И как тихо стало в тот день, когда он ушел. Бабушка умерла, когда я уже училась в университете и жила своей жизнью. Она болела, наверное, болезнью Альцгеймера или чем-то похожим – когда постепенно уходит вся память, узнавание близких и даже картинки из прошлого. Ты видишь, как человек удаляется, не понимая, что происходит. Сначала ушла долгосрочная память и дедушка, потом постепенно и мы стали теми непонятными людьми, которые к ней ходили. Как ей, наверное, было сложно…
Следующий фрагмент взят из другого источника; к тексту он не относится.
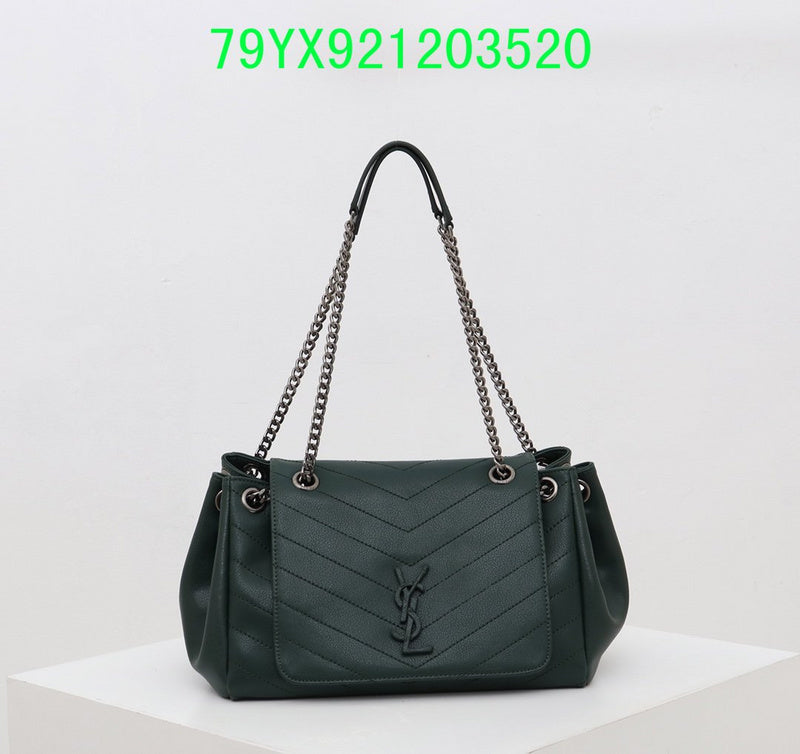 Glami - YLS Bags - 2031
Мы не понимали, что бабушка не выходит в город не потому, что не хочет, а потому, что боится. Боится своей растерянности, того, что уже не всегда понимает, куда идти, и все больше удаляется от обычной и привычной жизни. Даже на сегодняшний день нет лекарства, которое вылечило бы эту болезнь, есть только те, что замедляют уход. Я до сих пор упрекаю себя, что мы не поняли раньше. Хотя что могла заметить двадцатилетняя девочка, живущая в другом городе, если даже моя мама не заметила.

Я до сих пор во сне вижу бабушку. Она ничего не говорит, но она всегда в комнате моего детства, где много света, и я понимаю, что она хочет сказать: «Отпусти, не мучай себя». И в ее словах так же много света, как было в моем детстве – и я просыпаюсь в слезах.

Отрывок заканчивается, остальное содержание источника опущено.